In Cambodia now, and today I visited the Killing Fields of Cheung Ek and Tuol Sleng museum, which was a school that the Khmer Rouge converted into a prison. Pol Pot's Khmer Rouge ruled for almost four years at the end of the 1970s after winning a civil war. The movement was communist despite initially being backed by King Sihanouk, and very Orwellian seeking to ban possessions, education and all kinds of individualism. The killing fields are just outside Phnom Penh. The only way for me to get there was to get a lift by taxi or motorbike and inevitably the person who takes you would have lost friends and relatives during that time. About 2 million people are believed to have died - a quarter of Cambodia's population at the time - although some historians put much of that down to US bombing during the Vietnam war. Either way the killing fields are chilling. There is a large monument in the centre filled with 20 shelves full of human skulls, about 80,000 in all. They are grouped by age and sex. Dotted around the outskirts are hut structures surrounding pits filled with weeds and muddy rainwater, where mass graves had been dug up.
Much of Tuol Sleng is given up to mug shot photos of Khmer Rouge victims, staring back at their captors; emaciated, defiant and terrified. There are also stories from those who survived and relatives of those who didn't. There is a floor of brick cells and a floor of wooden ones, none were big enough for a person to lie flat. Aside from that there are more skulls and the instruments of torture used by the Khmer Rouge.
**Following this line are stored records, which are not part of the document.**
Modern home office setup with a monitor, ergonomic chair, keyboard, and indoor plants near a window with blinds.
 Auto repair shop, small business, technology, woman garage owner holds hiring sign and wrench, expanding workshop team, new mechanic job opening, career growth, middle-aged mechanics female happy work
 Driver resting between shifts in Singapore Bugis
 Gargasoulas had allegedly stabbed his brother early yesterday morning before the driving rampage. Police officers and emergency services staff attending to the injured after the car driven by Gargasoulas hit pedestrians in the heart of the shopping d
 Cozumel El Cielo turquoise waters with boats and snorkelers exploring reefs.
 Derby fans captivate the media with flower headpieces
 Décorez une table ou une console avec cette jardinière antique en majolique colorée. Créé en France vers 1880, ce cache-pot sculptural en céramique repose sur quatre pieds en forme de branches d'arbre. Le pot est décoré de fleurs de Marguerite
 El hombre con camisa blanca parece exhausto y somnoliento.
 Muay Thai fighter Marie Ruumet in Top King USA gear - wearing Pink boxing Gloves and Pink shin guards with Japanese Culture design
Generally, I'm in favour of this kind of morbid tourism, such as Ground Zero and the River Kwae Bridge, as they stop people forgetting things that shouldn't be forgotten and honour the dead or people who made huge sacrifices. But I feel sorry for Cambodians and people living in Phnom Penh because they are so reliant on tourism and the tourism is reliant on the killing fields. They are trapped by their own horrific recent history.